AWS provides auto scaling to allow applications to scale up and down to meet demand. Autoscaling is an excellent tactic for ensuring that an application can add and remove capacity based on demand. Autoscale policies can be infinitely tuned to use anything that can be recorded by CloudWatch. However, autoscale groups are also incredibly useful for ensuring that a set number of instances is always available. This can be accomplished by omitting scaling policies.
But for some reason, AWS users seem to shy away from using autoscale groups for anything but satisfying elastic demand. However, in my experience, autoscale groups are a critical component of any highly available deployment. Even deployments of a single instance.
The utility of a service that does nothing but ensure that the desired number of
instances available is the basis for creating self healing infrastructure.
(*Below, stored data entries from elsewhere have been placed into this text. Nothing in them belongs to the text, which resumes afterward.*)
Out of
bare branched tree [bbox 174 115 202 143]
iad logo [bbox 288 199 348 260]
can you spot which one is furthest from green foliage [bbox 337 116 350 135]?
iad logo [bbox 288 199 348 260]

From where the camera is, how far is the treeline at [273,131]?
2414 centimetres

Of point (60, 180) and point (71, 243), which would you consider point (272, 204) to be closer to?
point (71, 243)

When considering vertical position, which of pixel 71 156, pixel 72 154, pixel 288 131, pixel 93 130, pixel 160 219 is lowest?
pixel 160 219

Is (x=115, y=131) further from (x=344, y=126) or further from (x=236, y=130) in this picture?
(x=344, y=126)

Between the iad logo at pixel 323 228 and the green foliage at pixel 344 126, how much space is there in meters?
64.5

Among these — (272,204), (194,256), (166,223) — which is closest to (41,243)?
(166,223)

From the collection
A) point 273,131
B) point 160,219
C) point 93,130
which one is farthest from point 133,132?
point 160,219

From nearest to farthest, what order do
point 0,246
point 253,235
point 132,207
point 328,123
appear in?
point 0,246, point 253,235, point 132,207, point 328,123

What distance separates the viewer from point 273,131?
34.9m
However, the name Auto Scaling
has created a widely held opinion that the
number of instances must regularly change to make use of the service.
This is simply not true.
For example, you may find a situation where you need to ensure high availability for an application only built to run on a single server. Or you may have a snowflake server, or an application where it’s not worth having more than one instance. Instead of creating a standalone instance, you can create an autoscale group with min, max and desired set to 1. As long as proper automation is in place, and the application is a proper 12 factor app, the autoscale group will ensure there’s always a single instance available.
As a design principle, any infrastructure created should have the means to heal
itself. Don’t be put off by the name Auto Scaling
, as the utility and value of
keeping a single instance running (that doesn’t need to scale) using a well
understood and easily accessible service is worth it’s weight in gold.